U.S. Reaches Deal to Supply Nuclear Fuel to India

The United States and India have portrayed the completion of a plan to share civilian nuclear fuel and technology as a "historic milestone." Still, much work remains before their nuclear trade can begin.

Officials in both countries appeared relieved at Friday's announcement, which came after months of often frustrating technical talks on a broad deal that was struck two years ago. The deal, however, still must be approved by international regulatory bodies and then face review by a potentially wary U.S. Congress.

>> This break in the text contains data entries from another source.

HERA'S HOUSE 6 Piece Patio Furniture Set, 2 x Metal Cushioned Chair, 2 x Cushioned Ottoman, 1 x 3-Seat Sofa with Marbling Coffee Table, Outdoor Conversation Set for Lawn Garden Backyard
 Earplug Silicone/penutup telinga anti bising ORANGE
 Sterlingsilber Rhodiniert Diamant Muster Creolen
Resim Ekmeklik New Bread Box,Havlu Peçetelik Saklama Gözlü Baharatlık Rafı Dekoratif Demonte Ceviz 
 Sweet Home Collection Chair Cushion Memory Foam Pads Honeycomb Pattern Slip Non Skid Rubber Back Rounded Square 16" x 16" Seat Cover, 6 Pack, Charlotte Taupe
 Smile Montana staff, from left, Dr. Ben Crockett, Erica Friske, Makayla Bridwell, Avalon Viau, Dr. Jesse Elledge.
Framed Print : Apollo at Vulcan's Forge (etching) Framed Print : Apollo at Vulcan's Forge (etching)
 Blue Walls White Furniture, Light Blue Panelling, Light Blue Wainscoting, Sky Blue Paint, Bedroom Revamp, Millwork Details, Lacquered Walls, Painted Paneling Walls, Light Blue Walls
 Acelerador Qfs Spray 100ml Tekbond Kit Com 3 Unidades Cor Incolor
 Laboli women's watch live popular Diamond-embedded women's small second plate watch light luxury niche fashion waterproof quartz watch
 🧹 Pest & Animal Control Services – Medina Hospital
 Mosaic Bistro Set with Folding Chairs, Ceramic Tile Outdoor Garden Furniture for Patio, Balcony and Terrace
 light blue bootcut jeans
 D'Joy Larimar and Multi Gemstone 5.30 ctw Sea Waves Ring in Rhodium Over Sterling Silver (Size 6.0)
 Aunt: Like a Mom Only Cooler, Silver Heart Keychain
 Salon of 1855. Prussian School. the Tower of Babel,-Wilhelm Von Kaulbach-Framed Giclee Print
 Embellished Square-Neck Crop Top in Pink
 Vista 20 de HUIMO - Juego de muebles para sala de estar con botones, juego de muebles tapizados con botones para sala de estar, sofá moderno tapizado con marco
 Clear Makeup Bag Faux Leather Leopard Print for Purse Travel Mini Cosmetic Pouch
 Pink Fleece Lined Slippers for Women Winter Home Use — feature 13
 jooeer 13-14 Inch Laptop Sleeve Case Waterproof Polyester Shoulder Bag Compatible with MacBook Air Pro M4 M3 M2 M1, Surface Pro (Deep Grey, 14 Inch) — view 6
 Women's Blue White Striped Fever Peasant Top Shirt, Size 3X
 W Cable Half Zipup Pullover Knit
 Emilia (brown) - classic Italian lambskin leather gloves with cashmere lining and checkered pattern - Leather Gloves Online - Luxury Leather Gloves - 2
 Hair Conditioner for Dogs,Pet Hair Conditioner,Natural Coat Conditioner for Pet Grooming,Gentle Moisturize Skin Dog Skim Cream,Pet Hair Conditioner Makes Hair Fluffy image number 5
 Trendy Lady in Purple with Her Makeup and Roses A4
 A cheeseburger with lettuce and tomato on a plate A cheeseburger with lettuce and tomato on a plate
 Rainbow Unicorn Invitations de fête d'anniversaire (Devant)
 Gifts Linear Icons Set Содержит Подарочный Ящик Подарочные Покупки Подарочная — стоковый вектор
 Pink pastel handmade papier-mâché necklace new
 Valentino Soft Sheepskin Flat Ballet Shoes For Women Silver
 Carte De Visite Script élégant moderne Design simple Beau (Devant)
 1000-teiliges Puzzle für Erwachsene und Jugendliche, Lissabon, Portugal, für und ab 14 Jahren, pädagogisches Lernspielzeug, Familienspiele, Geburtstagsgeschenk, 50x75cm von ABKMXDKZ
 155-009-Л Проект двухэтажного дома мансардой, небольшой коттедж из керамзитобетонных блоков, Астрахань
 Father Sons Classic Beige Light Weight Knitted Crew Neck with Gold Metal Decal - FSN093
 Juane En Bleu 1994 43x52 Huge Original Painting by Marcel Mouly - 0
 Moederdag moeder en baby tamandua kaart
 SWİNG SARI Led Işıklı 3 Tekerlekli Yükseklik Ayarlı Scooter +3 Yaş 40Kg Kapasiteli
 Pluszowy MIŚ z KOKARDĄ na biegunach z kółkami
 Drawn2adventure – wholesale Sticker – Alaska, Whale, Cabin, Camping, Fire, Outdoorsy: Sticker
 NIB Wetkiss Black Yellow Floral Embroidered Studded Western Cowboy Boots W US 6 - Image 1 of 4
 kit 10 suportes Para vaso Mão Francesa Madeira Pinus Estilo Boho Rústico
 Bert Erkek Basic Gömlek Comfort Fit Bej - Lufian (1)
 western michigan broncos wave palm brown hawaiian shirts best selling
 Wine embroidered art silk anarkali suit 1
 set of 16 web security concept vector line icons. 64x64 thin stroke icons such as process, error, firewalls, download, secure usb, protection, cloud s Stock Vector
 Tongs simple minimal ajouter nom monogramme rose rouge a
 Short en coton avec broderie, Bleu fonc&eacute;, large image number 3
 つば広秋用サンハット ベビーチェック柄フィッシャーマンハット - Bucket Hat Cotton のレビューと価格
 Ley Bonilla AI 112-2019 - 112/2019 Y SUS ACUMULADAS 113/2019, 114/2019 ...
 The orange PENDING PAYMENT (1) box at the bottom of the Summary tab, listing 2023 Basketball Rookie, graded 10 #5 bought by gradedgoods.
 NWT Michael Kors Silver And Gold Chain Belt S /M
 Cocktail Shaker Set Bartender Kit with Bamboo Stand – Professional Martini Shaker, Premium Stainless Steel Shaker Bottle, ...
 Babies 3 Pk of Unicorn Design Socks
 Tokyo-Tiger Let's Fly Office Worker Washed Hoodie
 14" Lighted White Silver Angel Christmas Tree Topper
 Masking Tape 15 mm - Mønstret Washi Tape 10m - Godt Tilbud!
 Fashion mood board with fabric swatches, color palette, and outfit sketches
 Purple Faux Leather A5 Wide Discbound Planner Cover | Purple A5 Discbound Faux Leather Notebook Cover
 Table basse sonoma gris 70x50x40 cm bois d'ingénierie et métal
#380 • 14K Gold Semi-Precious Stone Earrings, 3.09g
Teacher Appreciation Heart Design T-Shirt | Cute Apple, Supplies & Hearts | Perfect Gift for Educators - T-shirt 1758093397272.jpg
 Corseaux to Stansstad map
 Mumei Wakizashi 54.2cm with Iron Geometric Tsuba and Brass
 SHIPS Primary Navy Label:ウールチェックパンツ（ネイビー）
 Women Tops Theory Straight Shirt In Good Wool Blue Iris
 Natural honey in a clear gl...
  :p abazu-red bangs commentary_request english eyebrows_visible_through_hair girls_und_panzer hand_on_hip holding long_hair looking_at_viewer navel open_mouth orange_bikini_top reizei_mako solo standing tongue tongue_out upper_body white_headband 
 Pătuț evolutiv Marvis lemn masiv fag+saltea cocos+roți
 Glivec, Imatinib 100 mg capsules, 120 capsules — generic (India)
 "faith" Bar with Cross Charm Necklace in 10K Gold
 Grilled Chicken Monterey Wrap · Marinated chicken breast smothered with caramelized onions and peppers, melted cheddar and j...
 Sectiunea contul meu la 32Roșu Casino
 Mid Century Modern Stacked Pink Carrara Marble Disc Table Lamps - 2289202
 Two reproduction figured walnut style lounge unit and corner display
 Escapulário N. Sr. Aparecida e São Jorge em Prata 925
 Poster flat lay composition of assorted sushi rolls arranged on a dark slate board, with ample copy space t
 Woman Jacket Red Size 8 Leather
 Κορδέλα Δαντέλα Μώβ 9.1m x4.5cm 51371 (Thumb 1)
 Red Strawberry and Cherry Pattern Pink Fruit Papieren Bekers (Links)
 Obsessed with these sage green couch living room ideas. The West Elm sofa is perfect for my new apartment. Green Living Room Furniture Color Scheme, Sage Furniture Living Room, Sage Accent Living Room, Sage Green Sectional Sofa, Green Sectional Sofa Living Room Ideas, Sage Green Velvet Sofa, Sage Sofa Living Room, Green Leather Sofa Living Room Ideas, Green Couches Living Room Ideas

Critics say the initiative could spur the spread of nuclear weapons and sends the wrong message to such countries as Iran as they pursue atomic programs. India built its bombs outside the Nuclear Non-Proliferation Treaty, which provides civil nuclear trade only in exchange for pledges from nations not to pursue nuclear weapons. Both the United States and India have nuclear weapons.

The text of the accord was not released, but negotiators said they had settled the knottiest issue: American reluctance to allow India to reprocess spent atomic fuel, a key step in making atomic weapons.

Nicholas Burns, the chief U.S. diplomat at the talks, told reporters the United States agreed to an Indian offer to build a reprocessing facility safeguarded by U.N. inspectors that would prevent fuel from being used to build nuclear bombs.

Indian Foreign Secretary Shiv Shankar Menon, when asked whether the deal would allow India to divert supplies to its weapons program, said: "We are not using it as an excuse to enhance our strategic capabilities. The earlier these countries forget that, the better it is."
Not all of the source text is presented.